CLR cover

Problem 99: Cost of a Huffman Code

Huffman compression method applied to a text $x\in A^*$ assigns a binary codeword to each letter of $x$ in order to produce a shortest encoded text. Its principle is that the most frequent letters are given the shortest codewords while the least frequent symbols correspond to the longest codewords.

Codewords form a prefix code (prefix-free set) naturally associated with a binary tree in which the links from a node to its left and right children are labelled by $\sa{0}$ and $\sa{1}$ respectively. Leaves correspond to original letters and labels of branches are their codewords.
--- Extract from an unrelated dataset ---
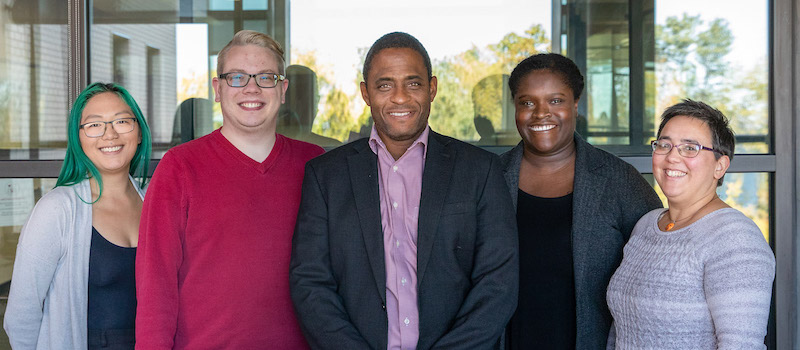The Office of Equity, Diversity, and Inclusion (OEDI) team includes (left to right) Sam Becker, director of teaching and innovation; Jason Roth, administrative specialist’; Percival Matthews, associate dean for equity, diversity, and inclusion; Maame Adomako, undergraduate program manager; and Tricia Dusick, graduate program manager.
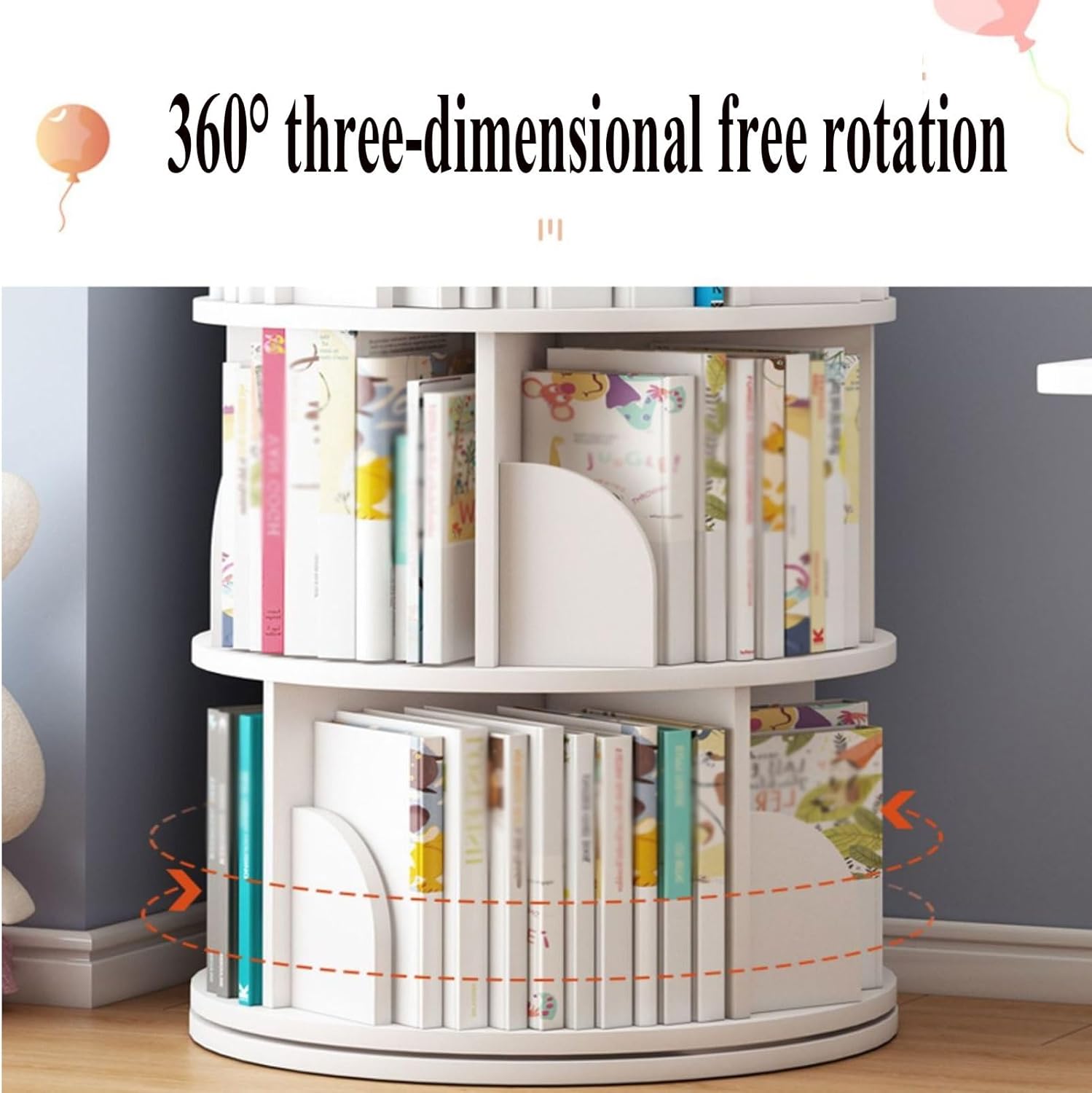 ZLGONRL Spinning Book Shelf Rotating Bookshelf Kids 4 Tier, Tall Narrow Bookcase Modern Special Bookshelf Tower Display Shelf (Green)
In the present method codes are complete: internal nodes of the tree all have exactly two children.

The cost of a Huffman code is the sum $\sum_{a\in A} \freq(a) \times |\code(a)|$, where $\code(a)$ is the binary codeword of letter $a$. It is the smallest length of a binary text compressed by the method from a word $x$ in which $\freq(a)=|x|_a$ for each letter $a\in\alph(x)$. Let us consider the following algorithm applied to frequencies (weights).

HuffmanCost$(S \textrm{ list of positive weights})$
    \begin{algorithmic}
  \STATE $result\leftarrow 0$
  \WHILE{$|S|\gt 1$}
    \STATE $p\leftarrow$ MinDelete$(S)$
    \STATE $q\leftarrow$ MinDelete$(S)$
    \STATE add $p+q$ to $S$
    \STATE $result\leftarrow result+p+q$
  \ENDWHILE
  \RETURN{result}
    \end{algorithmic}

Prove that Algorithm HuffmanCost$(S)$ computes the smallest cost of a Huffman code from a list $S$ of item weights.
Consider the Huffman tree associated with the code/

Show how to implement algorithm HuffmanCost$(S)$ so that it runs in linear time when the list $S$ is in increasing order.
Use a queue for inserting the new values (corresponding to internal nodes of the tree).

References

  • D. A. Huffman. A method for the construction of minimum redundancy codes. Proc. I.R.E., 40:1098-1101, 1951.
  • J. van Leeuwen. On the construction of Huffman trees. In ICALP, pages 382-410, 1976.